Man, I am hungry. I’ve been sick the past few days and haven’t really felt much like eating, but today I am ravenous. Hopefully this is a sign that things are improving. It hasn’t been an utterly debilitating variety of sick, but I’ve felt pretty listless and my stomach has been tetchy.
Some comments on recent books:
Abhorsen Trilogy by Garth Nix
I’d been curious about these books for a long time, but worried that they might be overly gothy on account of their subject matter. They turned out to be quite enjoyable. I had the good fortune to find unabridged audio versions narrated by Tim Curry. His voice for Moggett, a cat, was especially good. Sabriel is good and can function just fine as a stand-alone. Lirael, the second book, goes a little deeper into the title character’s personality and motivation, and just might be my favorite of the lot. It ends on a cliffhangery note. Abhorsen picks up precisely where Lirael left off and is just action, action, action until the very end, when things get more character driven again. I really felt like it wasn’t a book in its own right, but was just the second hunk of Lirael that got chopped off when someone decided it was too long.

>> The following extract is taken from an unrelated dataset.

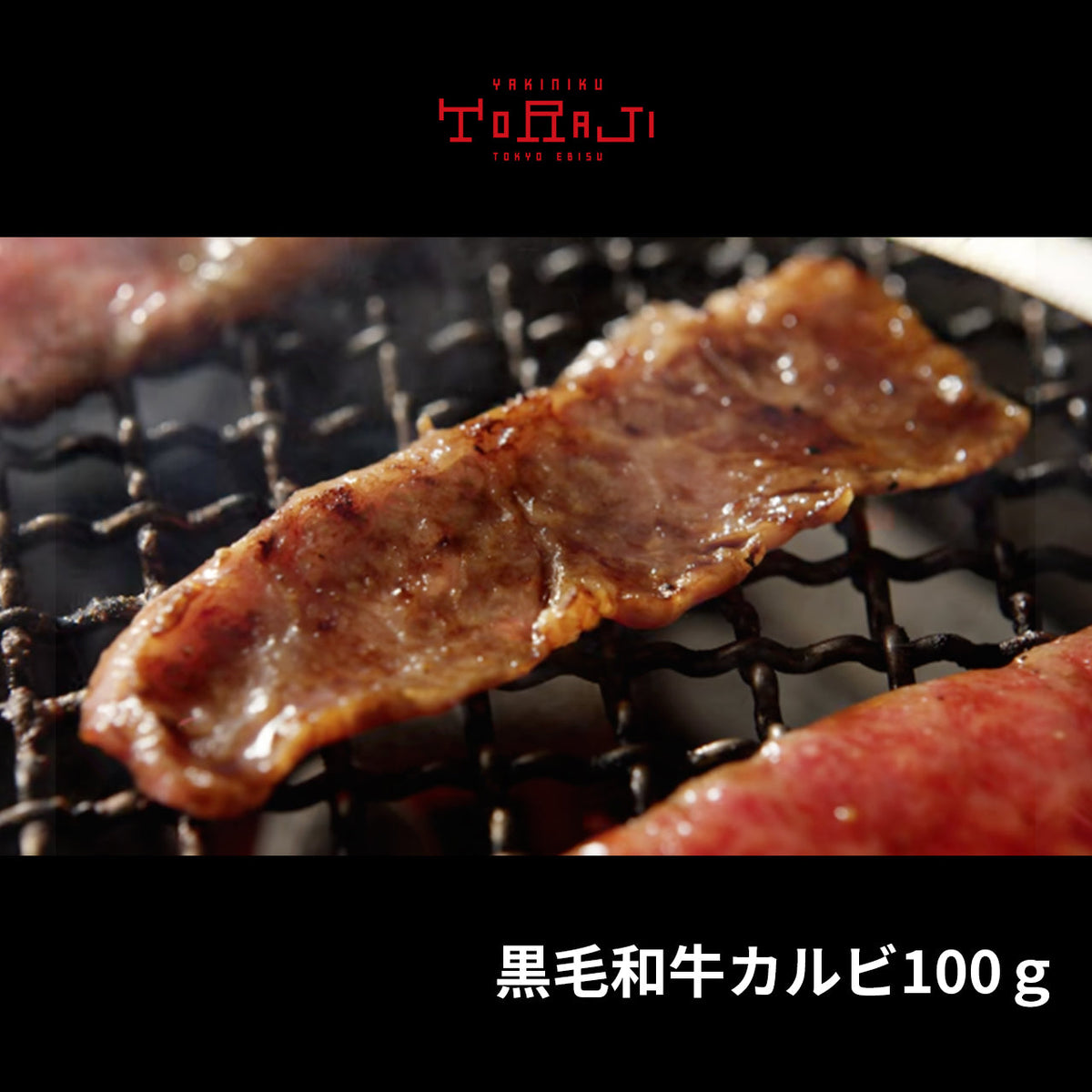 520ｇ/2～3人前 トラジセット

I kept thinking that it might be rather dull to be physically reading this series at times, but the narration kept me entertained, and my complaints are few. Therefore, it’s recommended, but snag the audio if you can. My library had them all, and this town doesn’t even begin to be cosmopolitan, so I bet others will, too.
Daisy Miller by Henry James
What a weird little book. The moral seems rather ridiculous by today’s standards and is delivered by the sledgehammer method, making the end particularly silly. I guess I liked it alright. It was short, at least.
Rebecca by Daphne du Maurier
Rebecca rocks. There’s so much going on here I can’t really describe, but you’ve got a very cinemagraphic style of writing, a mysterious ex-wife named Rebecca, a meek and shy second wife who is occasionally very annoying, a creepy housekeeper, a moody older man, etc. If you haven’t read or seen it, you should. My main gripe is with the protagonist sometimes being very dumb (I saw one big plot twist coming miles away), but some of the other turns are genuine surprises, and just overall, the sense of suspense is finely maintained. Next on the list for me by du Maurier—Jamaica Inn. It’s the other of her novels that was made into a movie by Hitchcock. She also wrote the short story that inspired The Birds. Betcha didn’t know that!